#### [Exercise prompt]
Go through the listing below and retype exactly the lines starting at the one with "Benja Embroidered Jacket" and ending at the one with "Bruno Minimalist Queen", skipping pictures.

#### [Provided entries]
====================
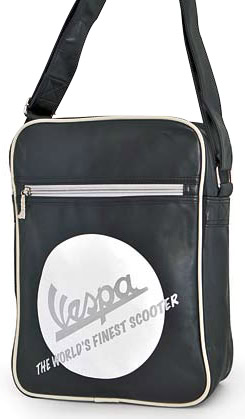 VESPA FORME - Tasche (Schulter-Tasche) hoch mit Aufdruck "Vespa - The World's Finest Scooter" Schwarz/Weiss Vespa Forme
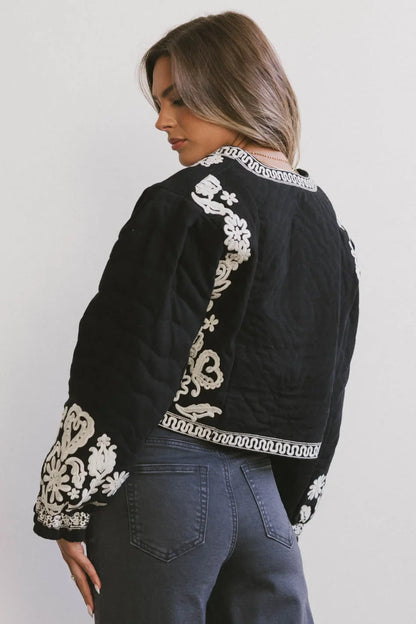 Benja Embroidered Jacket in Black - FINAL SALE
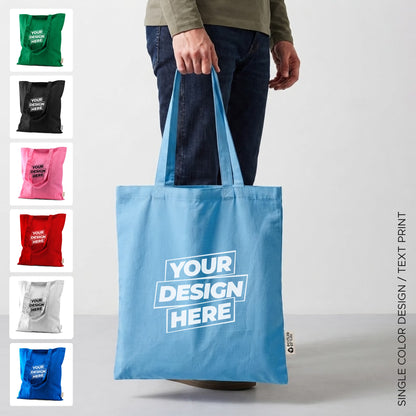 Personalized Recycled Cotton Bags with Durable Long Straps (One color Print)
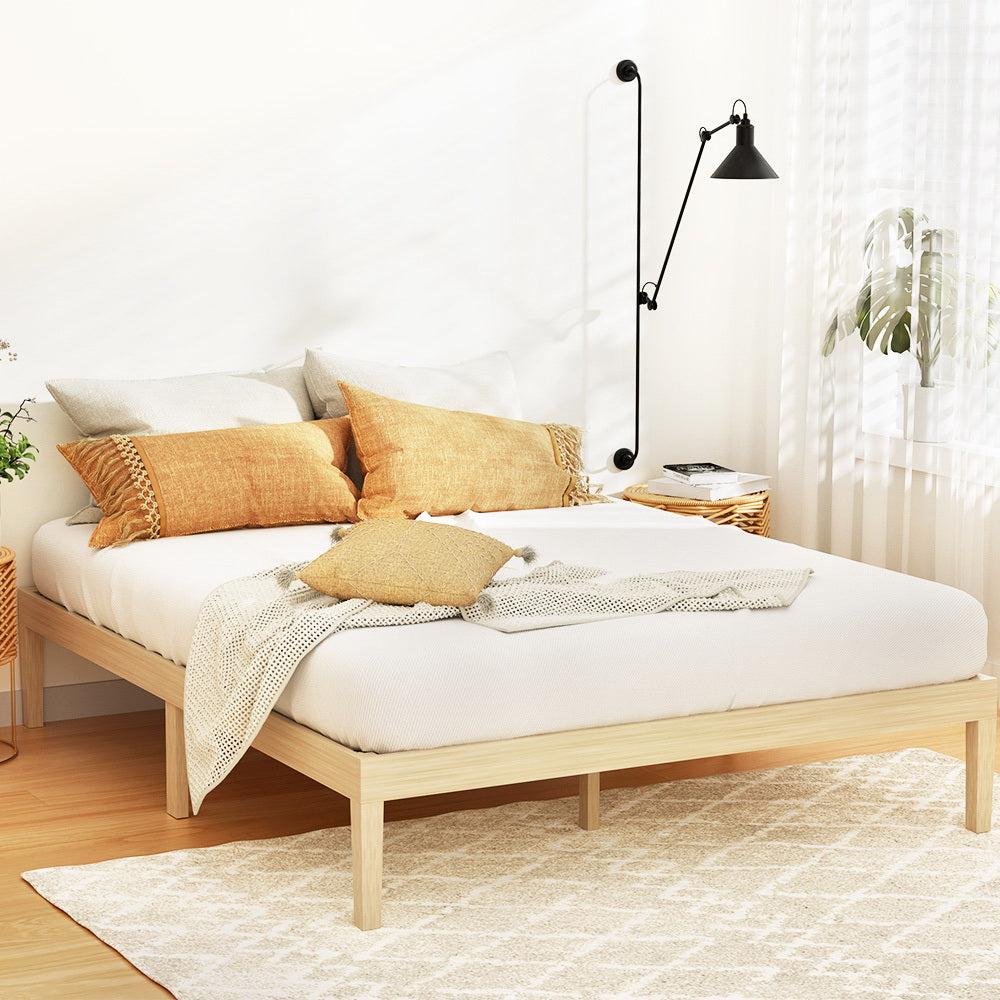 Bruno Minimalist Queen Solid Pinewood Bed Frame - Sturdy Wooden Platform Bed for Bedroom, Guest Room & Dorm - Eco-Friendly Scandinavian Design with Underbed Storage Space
====================
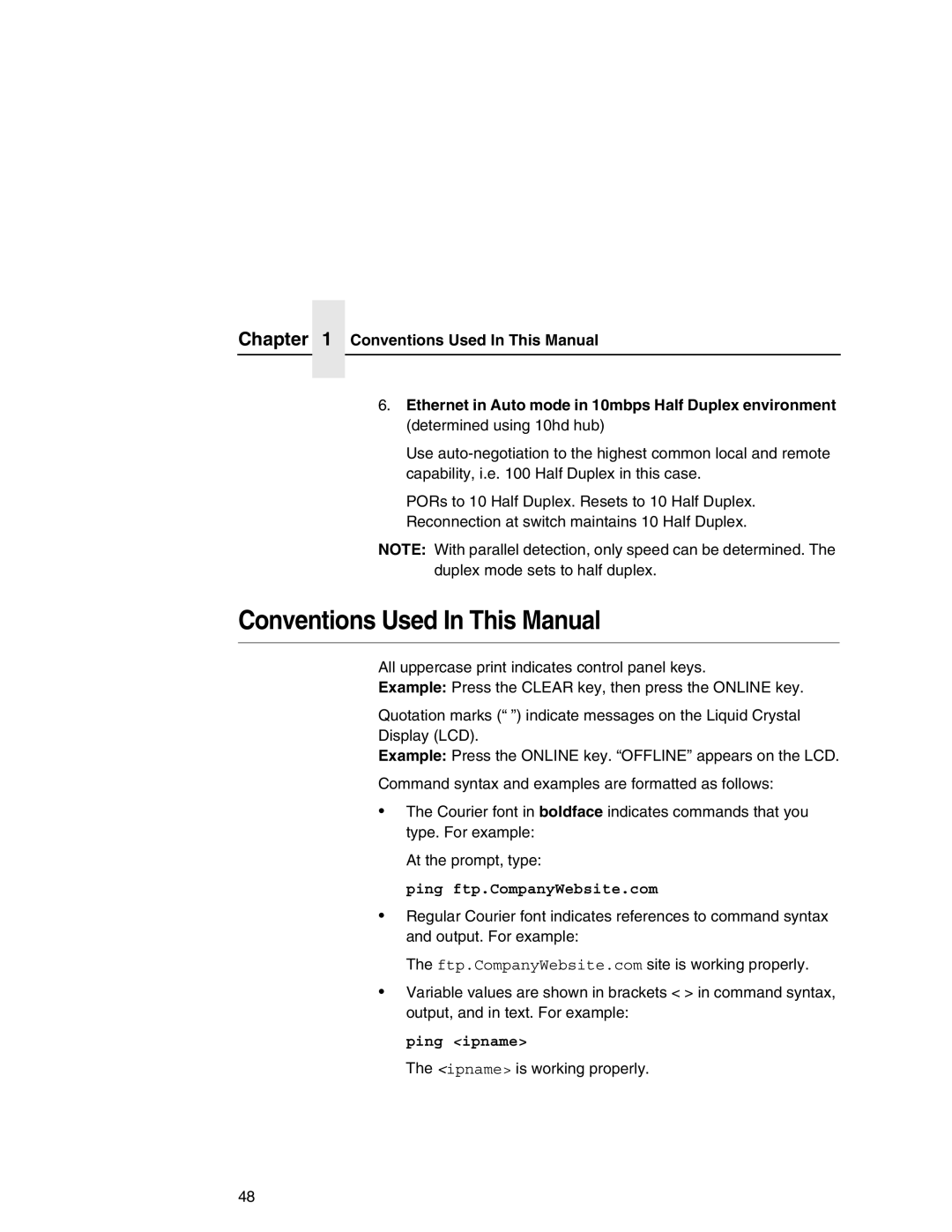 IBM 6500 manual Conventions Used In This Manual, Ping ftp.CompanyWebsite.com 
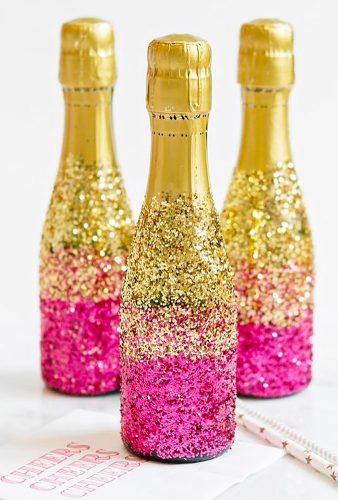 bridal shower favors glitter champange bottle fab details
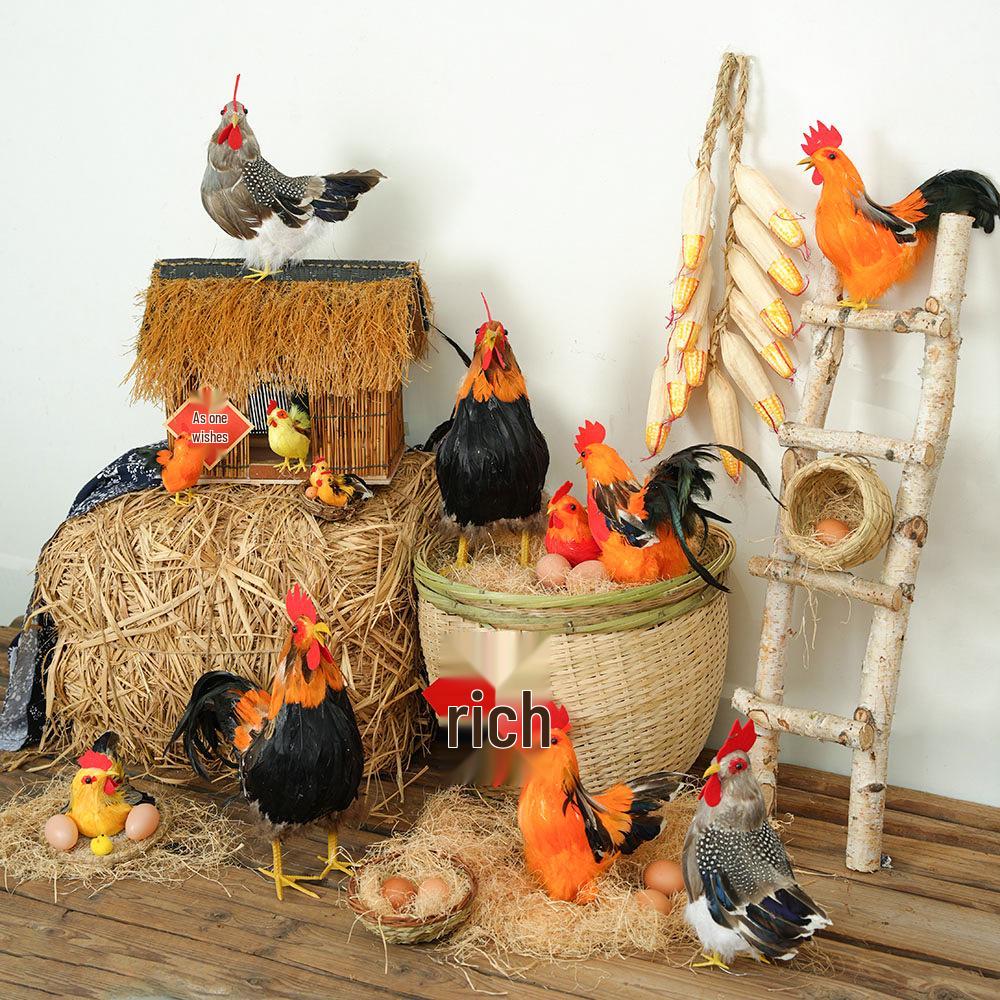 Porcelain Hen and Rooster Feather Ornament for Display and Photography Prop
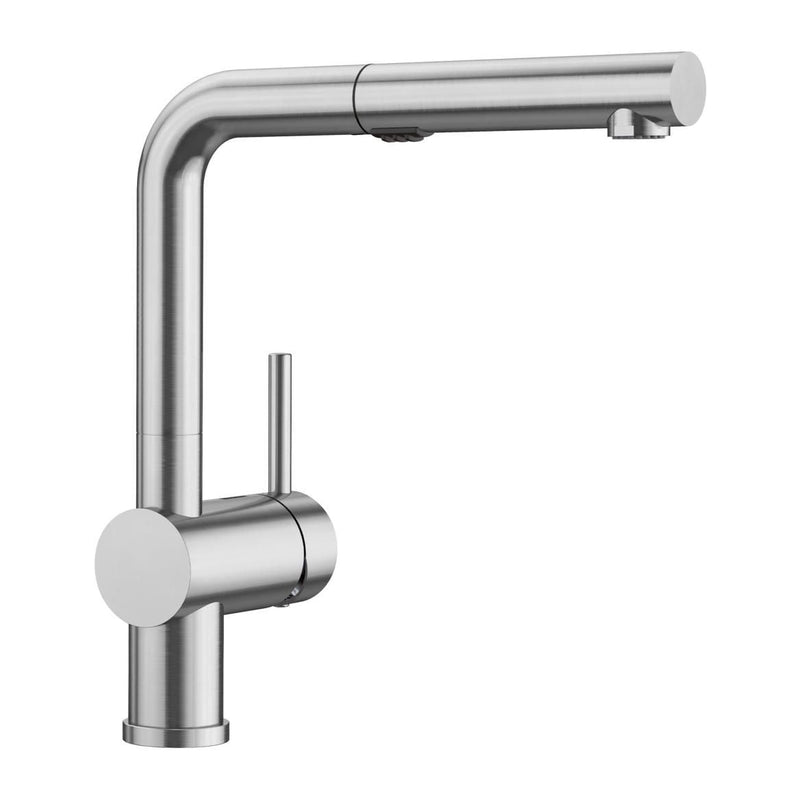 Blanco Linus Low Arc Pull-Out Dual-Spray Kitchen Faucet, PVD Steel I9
====================
#### [Written solution]
 Benja Embroidered Jacket in Black - FINAL SALE
 Personalized Recycled Cotton Bags with Durable Long Straps (One color Print)
 Bruno Minimalist Queen Solid Pinewood Bed Frame - Sturdy Wooden Platform Bed for Bedroom, Guest Room & Dorm - Eco-Friendly Scandinavian Design with Underbed Storage Space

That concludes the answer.